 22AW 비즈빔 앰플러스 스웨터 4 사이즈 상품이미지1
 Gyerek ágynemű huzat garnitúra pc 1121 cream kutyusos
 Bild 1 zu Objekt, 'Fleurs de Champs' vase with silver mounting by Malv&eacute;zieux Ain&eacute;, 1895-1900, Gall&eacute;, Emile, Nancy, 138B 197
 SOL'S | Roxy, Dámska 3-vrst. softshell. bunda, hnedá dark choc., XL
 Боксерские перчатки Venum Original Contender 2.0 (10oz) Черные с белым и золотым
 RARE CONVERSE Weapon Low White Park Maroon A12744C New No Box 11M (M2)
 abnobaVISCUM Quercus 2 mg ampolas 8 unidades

Aim of the task
Copy nothing except the lines from the one with "RARE CONVERSE Weapon" through the end of the records; keep each exactly as it appears, first and last included.

Response for this exercise
 RARE CONVERSE Weapon Low White Park Maroon A12744C New No Box 11M (M2)
 abnobaVISCUM Quercus 2 mg ampolas 8 unidades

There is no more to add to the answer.